The Gauge

Friday, September 29, 2006

I got a peep at the baby yesterday! I wasn't supposed to, but I did, and my GOD - what a thrill. My midwife was trying to hear the heartbeat and couldn't find it (I guess I have an inverted something or other that makes it hard to find at this stage) and I started to panic and was thinking "oh crap...I was right....there really isn't anybody in there." So she brought the ultrasound machine in and gooed my belly and right off...there he was! (I say "he" but I really don't know...just the feeling I got looking at him.) He was sqirming around and looking like a baby!! So crazy....

So we could see his heart pumping away. She turned off the ultrasound machine and was trying to hear the heart again and still couldn't find it, so she turned the machine back on to look, and he had COMPLETELY flipped around. What a little peanut. And my god....seeing a little profile, little arms. Then there, it was - a perfect little thump, thump, thump.
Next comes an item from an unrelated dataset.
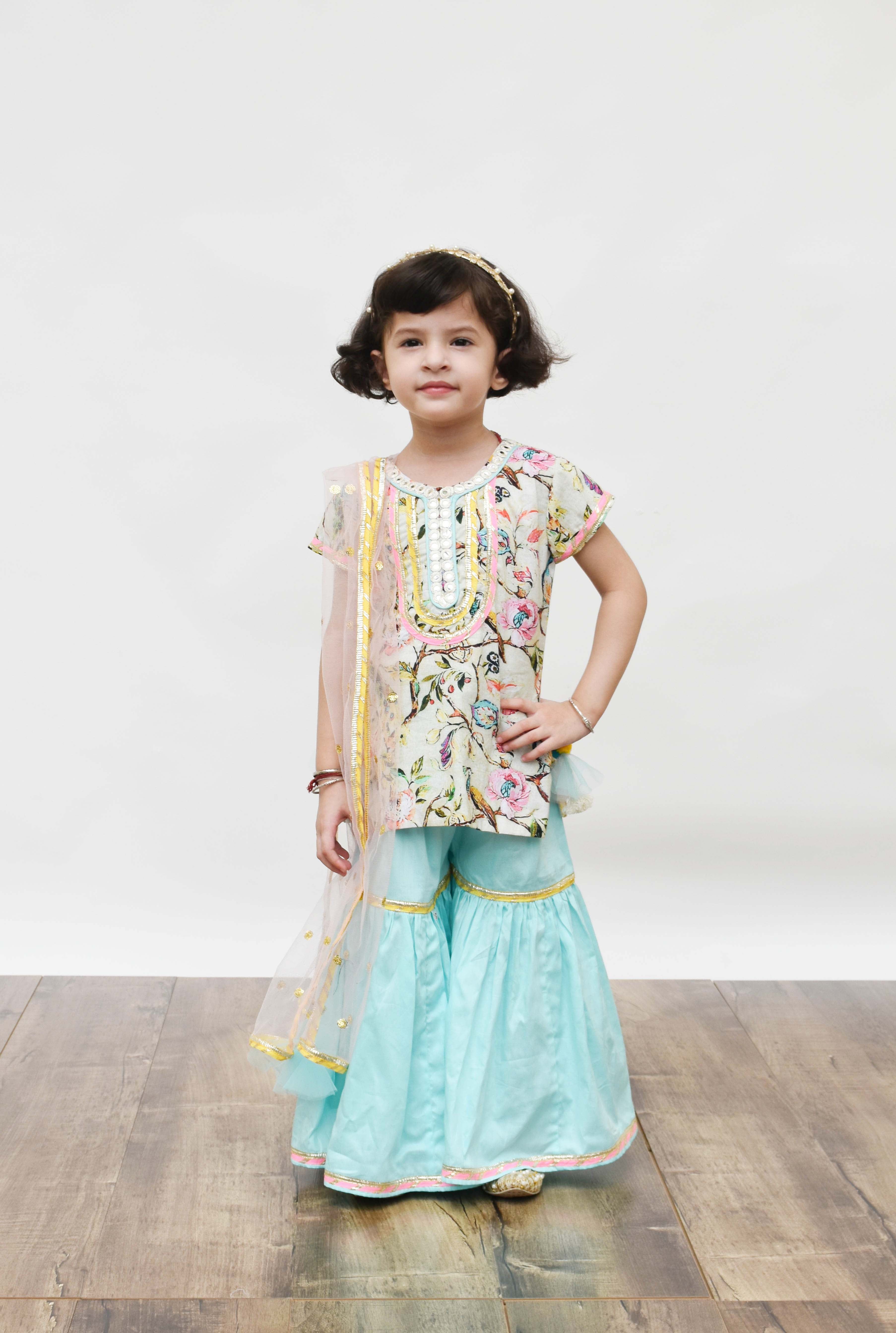 Pista Green Blue Printed Sharara with Kurti Boti Net Dupatta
And hearing his heart made mine jump into my throat.

So that was some awesome magic in an otherwise bad week. We will finish cleaning the old place today, so can finish unpacking in the new apartment and settling in for real. Phew. The relief is tangible.

Friday, September 22, 2006

Well, we're in our new place, but not out of our old place....stuck between two worlds. I really like the new place, but it's so hard to relax when our old apartment is just full of....stuff. Ugh. I have moved 21 times since I left home at 17 (21 times in 13 years??). You'd think I'd be used to it by now. For someone who SO BADLY wants to settle down, it seems crazy to see that number written down. In every single one of my homes, I have had every intention of staying for a while. I make each place homey and pretty (people always say things like "You've only lived here for 3 months? It feels like it's been your home for years!") and then something happens...and I leave. How depressing it seems now!
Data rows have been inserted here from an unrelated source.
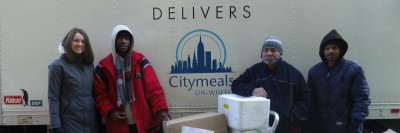 Allysia Matthews, with Citymeals-on-Wheels staff donating reusable ice packs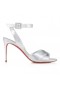 Christian Louboutin Mariza 85 Mm Sandálias De Couro Prata Sapatos Christian Louboutin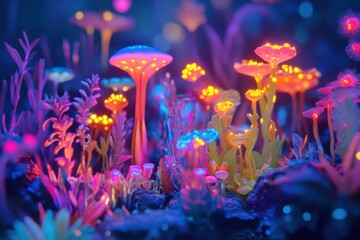 Aufkleber - Unique microscopic ecosystem showcasing vibrant, glowing microbes in a magical underwater setting. Generative AI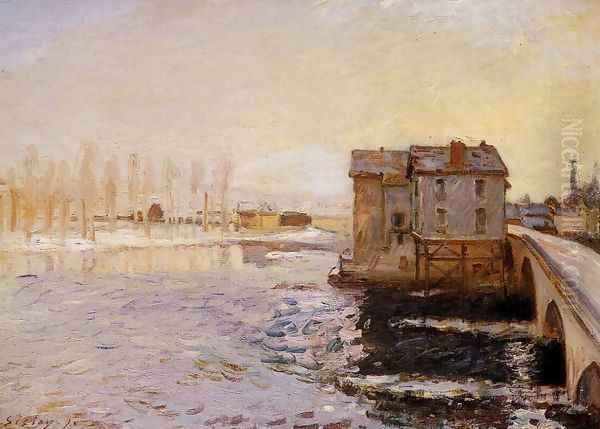 The Moret Bridge and Mills under Snow - view 1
Poor Ashley and Lottie. The moods, the weeping, the exhaustion....Ashley told me last night I kept waking up and yelling at Lottie. The poor little dear! I don't remember a thing, but I'm sure she does. Oh...it gives me a stomach ache just thinking of it!

Yancy (a great neighborhood lady) brought some maternity clothes by that aren't half bad! I'm not ready for real maternity clothes yet, but I'm already showing, and busting out of all my cute skirts and t-shirts! It's too soon! I'm going to get HUGE! These clothes seem like they'll work in the meantime - they just have a lot of extra elastic.

What else? Martha Wainwright's cover of The Tower of Song is just really, really good. It's one the soundtrack to the Leonard Cohen movie that came out a few months ago (also really good.) Nick Cave's covers are awesome, too. Funny story: Ashley and I went to that movie at Cinema 21 here in Portland and we sat in the balcony. That theater is SO DARK and you really experience the movie. I got so wrapped up in the Leonard Cohen movie that I was LOSING it - crying, biting my nails, gasping (I was also getting really mad at the woman next to Ashley who kept putting her drink in front of him) to the extent that Ashley finally turned to me and said "woman, what is WRONG with you?" and I said "I don't know, I think I'm pregnant." And I was! All of about one day pregnant, but there you have it!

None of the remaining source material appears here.